Through this I've been able to get to know the "man" instead of his accomplishments, which is how he wants it to be. He hasn't even told me all that is on his resume, but suffice it to say he is an extremely accomplished and well polished musician (even if he had told me everything on his resume, it would be a breach of confidence for me to then turn-around and post them all on my blog). I'm beginning to realize the value in people knowing me for who I really am, instead of simply knowing me for what I can do. Perhaps that is a nugget of wisdom I can mine from his influence on my life. After all, he "has been there and done that" and if he simply wants to disappear, perhaps I can take a cue. :)

I considered it a real honor and privilege tonight to mix for Mr. F. in the Faculty recital here on campus. Two original compositions were performed by Mr. F and after chatting with him some today I came to realize how vulnerable musicians often are when performing their own pieces of work. Their very soul has been poured into their work and they then are performing that work for public critique and criticism? Let's remember how much courage that really takes next time you or I critically examine a new piece of music.

I guess that is the same for more professions than just musicians, but it sure was a helpful insight and reminder to stash away in my empty head.

I'm also really thankful Shabbat is here. Now I can put aside homework and the stress of life and simply glorify God on His day. Speaking of putting aside stress, what better way to accomplish that than by sleeping you may ask? I can't think of any better way, so I'm off to do just that.

Have a pleasant evening dear readers!

Saturday, October 17, 2009

Hmm

Recently I've been pondering the question of purpose in life? What is it? Why does it take so long to realize what your purpose is? Who gives it?

I can't say as I've answered those tough and deep questions, but pondering them has definitely been beneficial. In an effort to see what others thought I even asked the question on Facebook. I received mostly "God" answers which was a helpful reminder of what true purpose looks like. So yes, I can answer that one. God is the One who instills in us deep-seated purpose. But is He more likely to direct a moving ship or one that is "dead in the water"?

I personally think He is more likely to direct the ship that is already moving towards the purpose He has in mind for them. But that doesn't mean that I shouldn't simply wait for His direction. The key term or concept here is balance. But that doesn't make the waiting or uncertainty any easier. It does emphasize another concept that is very important when it comes to God, and that is trust. I do trust Him, so therefore I can wait or move as I feel He directs and be perfectly confident in Him.

I think I'm also dealing with God's timetable. I believe He has already given direction for my life in a certain area, but the issue of NOW is where the two ends don't meet. I want now, and God wants later. Oops, I guess He wins and I don't (which is ultimately how it should be). But I'm still free to ponder. I think writing things down has great value in this area of life. If God has led you in a certain direction in your life, write it down, so later on when you feel tempted to doubt or look at the waves around you, you won't!

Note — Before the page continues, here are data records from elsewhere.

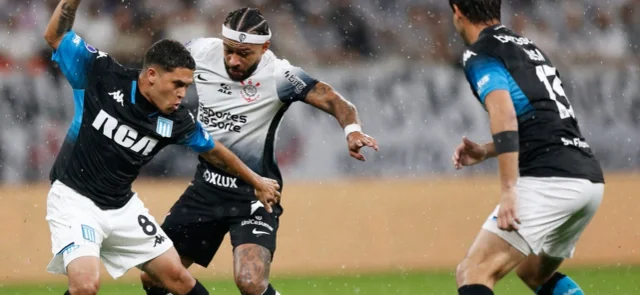 Juan Fernando Quintero con Racing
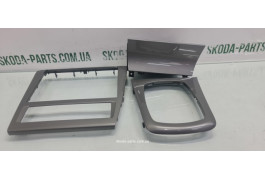 Пепельниця з накладками Skoda Octavia Tour VAG (1U1857962BM)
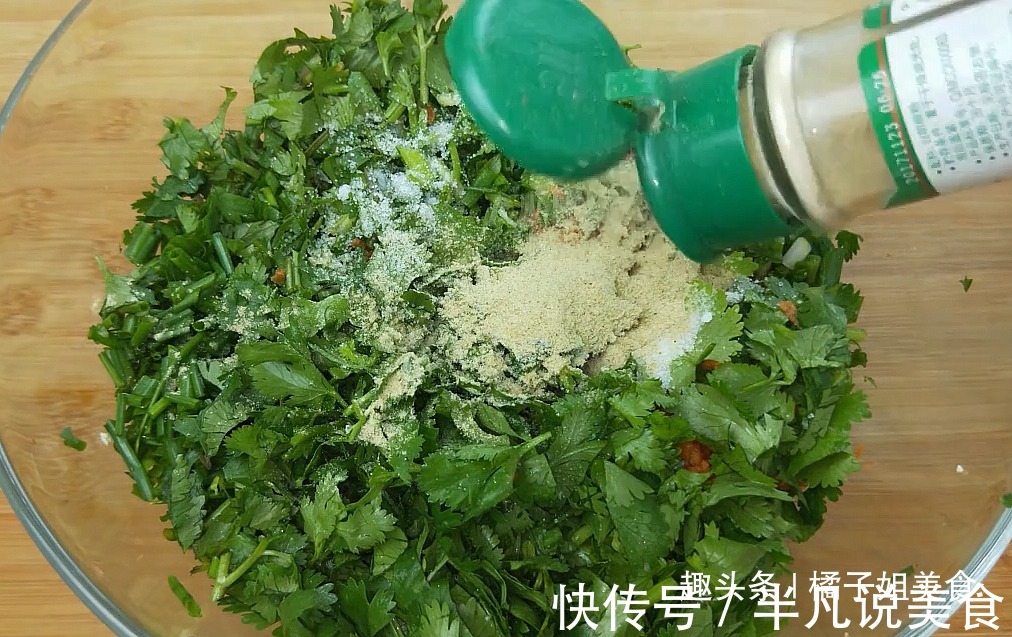 丸子的新做法,我们全家都吃撑了,又香又鲜,比韭菜丸子还要香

So feel free to ponder, but keep on trusting, knowing that God's plan is the best for your life.

Friday, October 16, 2009

Beginning Post

Welcome friends to this momentous occasion!! Yes, the creation of and new post to my blog. Unusual as it may sound back when the blogging world exploded I experienced some reactionary tendencies towards jumping on that bandwagon. But now that time has elapsed and Facebook is now the wave of the future, I feel I can regress back into the blogging world, and catalog some thoughts.

Posts most likely will be few and far between (to head off any anticipation out there of mammoth posts or consistent writing) mainly because I am a busy college student wrapping up my undergraduate education.

So, welcome to my journey! I trust you enjoy it as we travel along together (well, I travel and you come along for the fun of it).